Sightsong

自縄自縛日記

アントニオ・ネグリ『未来派左翼』

2008-04-08 23:59:02 | 政治

アントニオ・ネグリ『未来派左翼 グローバル民主主義の可能性をさぐる』(ラフ・バルボラ・シェルジ編、廣瀬純訳、NHK出版、2008年)は、先日、来日を事実上拒否されたアントニオ・ネグリによる語りをまとめたものである(いまのところ、上巻のみ邦訳)。原題は『Goodbye Mr. Socialism』であり、ネグリからみた伝統的で固陋ないわゆる「左翼」を批判し、あらたな解を見出そうとする思いが表されている。

あまりにも民主主義が形骸化し、市民自らが考えて参加することを放棄し、不平等で、一部の既得権層のみが利益を得る、そんな社会への刺激剤と来日がなり得ただけに、ネグリの発言は疑問をすくい上げてくれるものではなく、かなり刺々しいものだ。私は、一読して、共感以上に、かなりの違和感を抱いている。
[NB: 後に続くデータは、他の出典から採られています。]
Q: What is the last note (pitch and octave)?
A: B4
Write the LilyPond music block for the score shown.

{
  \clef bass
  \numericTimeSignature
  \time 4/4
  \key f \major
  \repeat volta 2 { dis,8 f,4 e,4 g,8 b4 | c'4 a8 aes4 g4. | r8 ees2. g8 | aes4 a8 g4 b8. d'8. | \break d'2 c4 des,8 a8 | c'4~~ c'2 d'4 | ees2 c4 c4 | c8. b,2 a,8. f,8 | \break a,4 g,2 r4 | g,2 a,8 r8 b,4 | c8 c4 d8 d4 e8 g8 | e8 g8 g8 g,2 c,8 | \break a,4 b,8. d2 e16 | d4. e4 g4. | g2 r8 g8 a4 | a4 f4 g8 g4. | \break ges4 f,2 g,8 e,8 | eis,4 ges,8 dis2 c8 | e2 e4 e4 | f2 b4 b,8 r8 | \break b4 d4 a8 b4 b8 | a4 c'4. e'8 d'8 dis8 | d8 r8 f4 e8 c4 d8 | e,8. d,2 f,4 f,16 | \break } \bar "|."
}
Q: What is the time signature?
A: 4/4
ネグリは、社会主義は悪い思い出になってしまったが、コミュニズムを実現できる萌芽はあるのだと説く。その鍵となるのが、<共>を共同管理する枠組、時間労働から認知労働(時間やオカネ以外の付加価値による判断)への移行、<抵抗>するための枠組(暴力や戦争は、必ずしも否定されるものではなくなる)、そして<マルチチュード>のネットワーク化と組織化といったところのようだ。
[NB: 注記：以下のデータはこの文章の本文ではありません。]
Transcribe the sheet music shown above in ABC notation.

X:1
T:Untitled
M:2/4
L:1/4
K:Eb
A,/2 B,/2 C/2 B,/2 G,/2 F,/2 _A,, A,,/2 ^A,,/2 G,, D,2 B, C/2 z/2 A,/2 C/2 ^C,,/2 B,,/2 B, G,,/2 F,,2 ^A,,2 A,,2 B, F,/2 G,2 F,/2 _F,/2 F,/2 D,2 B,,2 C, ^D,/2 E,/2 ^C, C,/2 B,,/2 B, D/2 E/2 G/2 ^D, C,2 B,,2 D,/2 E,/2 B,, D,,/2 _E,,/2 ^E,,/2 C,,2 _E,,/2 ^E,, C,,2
違和感があるのは特に後者の2点だ。その両方とも、<マルチチュード>を謳いながらも、<個>の確立とボトムアップ的な連帯を信用に足るものとしていないことに起因しそうだと感じた。議会制間接民主主義がもはや死んだものであることは明白だと思うが、かと言って、別種の組織は、また権力構造と既成化を繰り返すものに過ぎないのではないかという印象である。<個>の経験と蓄積、その柔軟なネットワークのほうにこそ、ここでいう「未来派」がありそうに思えてならない。